_YOUR GOAL_: Only the lines from the one containing "Pretty Love 10" through the last line of the data are to be written out, exactly and in full.
"""
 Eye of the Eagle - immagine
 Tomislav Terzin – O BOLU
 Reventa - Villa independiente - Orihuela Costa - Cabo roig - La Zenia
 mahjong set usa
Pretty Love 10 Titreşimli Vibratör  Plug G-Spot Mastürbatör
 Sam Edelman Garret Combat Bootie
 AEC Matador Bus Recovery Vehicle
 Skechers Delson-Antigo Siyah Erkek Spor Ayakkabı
"""
_RESPONSE TO THE TASK_:
Pretty Love 10 Titreşimli Vibratör  Plug G-Spot Mastürbatör
 Sam Edelman Garret Combat Bootie
 AEC Matador Bus Recovery Vehicle
 Skechers Delson-Antigo Siyah Erkek Spor Ayakkabı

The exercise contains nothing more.